JOB OBJECTIVE: Brilliant, but tragically conflicted Californian man seeks submissive Asian chick willing to receive cathartic, asexual spankings designed to improve upon his natural, inborn gift for tenderizing meat.

QUALIFICATIONS: A creative rebel who disdains being put in a box, the applicant excels at coloring outside the lines, inventing new ways of thinking of about things, twisting his soul into implausible knots, and pleasuring himself with common garden tools and a yard or two of string.

WORK HISTORY:

Senior Janitor, Fickleweed's Plumbing Supply Company: Earned generous accolades from his employer for his diligence in unnecessarily dusting the insides of the company's stock of copper tubing. Adored and fawned upon by the company's two secretaries for having invented, just for them, a paste suitable for use in polishing their genitals to a brilliant shine.

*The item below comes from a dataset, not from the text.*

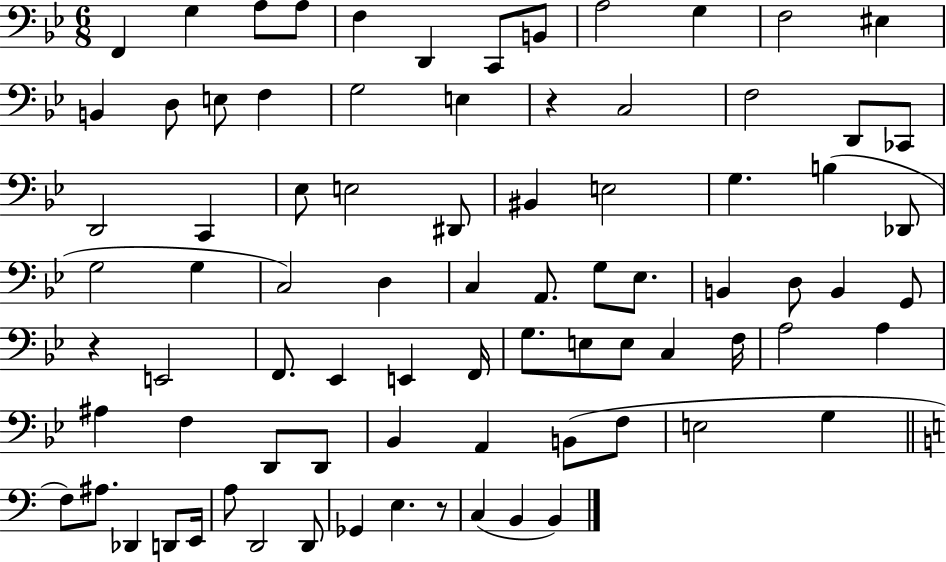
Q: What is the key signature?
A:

Californian Wine Country Goat herder: Successfully maximized the number of goats under his care by inventing a way to stack them six up. Later trained the same goats to aggressively seek out and eat the cars of wine country tourists as an all too clever ploy to attract nationwide attention to his new and exciting line of fashionable bikinis for goats.

EDUCATION:

The applicant has no formal education beyond the third grade due to his utter disgust at being regimented by the school system.

REFERENCES:

Dr. Carloff Jurgens, Director, American Rescue Mission for the Humane Treatment of Traumatized Goats.

Peter Snerkson, Assistant Pastor, Church of Our Lady of a Thousand Merciful Spankings.